9 Responses to New Project 8 [ finishing up ]

  1. damien says:

    Great

    The original has extra nails as if the dovetailed corners were reinforced with blocks. Any idea what it is?

    • millcrek says:

      I have only seen the picture in the post not the actual piece. I did talk to the curator at MESDA and he did not mention blocks in the corners but that doesn’t mean they are not there. I noticed the nails too and thought that nails and some blocks may have been added some time later to reinforce the piece after the glue had failed. There are nails also through the stretchers into the legs. Nails are a common fix used by those who don’t want to take apart and re-glue joints, but I am guessing they may be original I don’t know.

  2. Ron says:

    Great info and finish!

  3. Ronald Jones says:

    The table looks great, and the wear on the legs and stretchers looks quite true to life. Are there other alternatives to using aqua fortis/nitric acid? The warnings I about handing and majing it are quite severe. Read on some forumns,that it can be quite readily available from some art supply stores. Are there weaker concentrations available?

    • millcrek says:

      There are other chemicals that can produce similar effects such as Potassium dichromate, Potassium permanganate, tannic acid and others, but they are dangerous also. Nitric acid is available in a reduced strength from print making suppliers. There is also a commercial product sold called AQUAFORTIS it is sold as a gun stock finish.

  4. Jack Plane says:

    The table turned out really well; I’m sure your customer is happy with it.

    Did you neutralise the nitric acid after you applied it to the wood? That’s an interesting use of milk paint – one that I wouldn’t have thought of.

    • millcrek says:

      Jack, I’m not sure it needs to be neutralized but I did, sodium bicarbonate. What say you?

      • Jack Plane says:

        It is necessary to neutralise the nitric acid as otherwise it will leach out for months, damaging the finish and attacking any brasses.

        Sodium bicarbonate or sodium metabisulphide (sodium metabisulphite in the US) would be suitable. Be sure to wash the furniture down with clean water after neutralising and of course, read any applicable MSDS before touching either compound.

        To be honest, nitric acid isn’t a good treatment for pine; I only use it on a couple of hardwood species when I’m being pedantic/historically correct.

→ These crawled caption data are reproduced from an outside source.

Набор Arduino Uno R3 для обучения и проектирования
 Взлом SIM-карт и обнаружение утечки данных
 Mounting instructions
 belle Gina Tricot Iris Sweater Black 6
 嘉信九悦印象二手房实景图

The inherent dangers and leaching worries just aren’t worth it and I find equal or better results can be had with modern aniline dyes.

        JP

  5. Bruce McCrory says:

    I do like this post. A lot! Followed up your recommendations for stain on pine at WoodNet without grain reversal, and have been snooping here since. Like Jack says, I think a dye for “aging” pine will be safer. But, I do want to milk paint a portion of a piece that receives the color dye, and will copy your method described here. Thanks, a lot for your efforts to disseminate knowledge!.